In this paper, we place more emphases on the techniques of outlier detection for the complicated data with highdimensionality. For example, in our everyday life, various kinds of records like credit, personnel, financial, judicial, medical, etc. Outlier detection for temporal data synthesis lectures. Chapters 8 through 12 discuss outlier detection algorithms for various domains of data, such as text, categorical data, timeseries data, discrete sequence data, spatial data, and network data.

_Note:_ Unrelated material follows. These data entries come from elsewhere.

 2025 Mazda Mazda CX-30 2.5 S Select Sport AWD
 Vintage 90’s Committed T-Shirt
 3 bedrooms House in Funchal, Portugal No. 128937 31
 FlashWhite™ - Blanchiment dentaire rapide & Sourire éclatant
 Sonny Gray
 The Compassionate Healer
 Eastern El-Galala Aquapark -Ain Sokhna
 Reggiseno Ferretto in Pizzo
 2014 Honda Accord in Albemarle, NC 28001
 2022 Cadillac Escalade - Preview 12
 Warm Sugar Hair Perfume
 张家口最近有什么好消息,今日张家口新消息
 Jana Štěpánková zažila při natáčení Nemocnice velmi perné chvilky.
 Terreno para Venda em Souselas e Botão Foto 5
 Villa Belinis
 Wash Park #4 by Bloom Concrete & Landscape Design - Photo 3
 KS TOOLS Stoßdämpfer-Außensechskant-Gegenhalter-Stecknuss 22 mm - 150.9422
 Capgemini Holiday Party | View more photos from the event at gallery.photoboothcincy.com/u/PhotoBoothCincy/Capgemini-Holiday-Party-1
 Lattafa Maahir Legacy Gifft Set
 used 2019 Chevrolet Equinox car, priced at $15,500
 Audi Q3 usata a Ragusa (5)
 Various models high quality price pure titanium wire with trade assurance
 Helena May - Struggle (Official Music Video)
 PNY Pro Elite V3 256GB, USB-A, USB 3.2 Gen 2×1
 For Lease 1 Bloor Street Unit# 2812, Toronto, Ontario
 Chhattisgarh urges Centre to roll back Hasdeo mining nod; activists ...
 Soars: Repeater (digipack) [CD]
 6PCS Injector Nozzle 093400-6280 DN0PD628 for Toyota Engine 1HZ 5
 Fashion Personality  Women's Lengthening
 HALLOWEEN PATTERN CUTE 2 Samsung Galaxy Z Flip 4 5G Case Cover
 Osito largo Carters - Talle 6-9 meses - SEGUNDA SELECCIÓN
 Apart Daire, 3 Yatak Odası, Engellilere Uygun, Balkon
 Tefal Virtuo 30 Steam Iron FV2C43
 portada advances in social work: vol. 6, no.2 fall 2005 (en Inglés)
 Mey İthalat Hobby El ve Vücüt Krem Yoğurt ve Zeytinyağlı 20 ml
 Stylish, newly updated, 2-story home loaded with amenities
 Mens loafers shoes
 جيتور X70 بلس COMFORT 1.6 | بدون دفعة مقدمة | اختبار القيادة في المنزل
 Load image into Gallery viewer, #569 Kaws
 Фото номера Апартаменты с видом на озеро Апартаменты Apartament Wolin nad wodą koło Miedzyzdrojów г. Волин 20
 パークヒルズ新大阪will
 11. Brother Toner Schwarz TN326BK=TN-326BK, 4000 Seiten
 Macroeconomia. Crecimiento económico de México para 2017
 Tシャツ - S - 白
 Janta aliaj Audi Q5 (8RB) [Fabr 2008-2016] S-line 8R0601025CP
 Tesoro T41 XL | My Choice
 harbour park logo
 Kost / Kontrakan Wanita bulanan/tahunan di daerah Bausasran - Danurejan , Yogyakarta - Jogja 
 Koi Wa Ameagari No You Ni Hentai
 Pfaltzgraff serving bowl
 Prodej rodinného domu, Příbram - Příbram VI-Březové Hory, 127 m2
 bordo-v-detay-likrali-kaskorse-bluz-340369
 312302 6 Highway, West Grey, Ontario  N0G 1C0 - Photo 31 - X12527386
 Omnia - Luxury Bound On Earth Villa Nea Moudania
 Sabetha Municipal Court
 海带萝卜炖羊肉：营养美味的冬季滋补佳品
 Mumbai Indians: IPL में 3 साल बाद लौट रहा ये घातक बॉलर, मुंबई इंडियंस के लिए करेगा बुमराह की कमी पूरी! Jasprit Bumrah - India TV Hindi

In contrast to other applications, this particular domain includes a very dynamic dimension. Timedependent popular routes based trajectory outlier. Outlier detection for temporal data by jing gao, manish gupta. Initial research in outlier detection focused on time series based outliers in statistics. It starts with the basic topics then moves on to state of the art techniques in the field. This book, drawing on recent literature, highlights several methodologies for the detection of outliers and explains how to apply them to solve several interesting reallife problems.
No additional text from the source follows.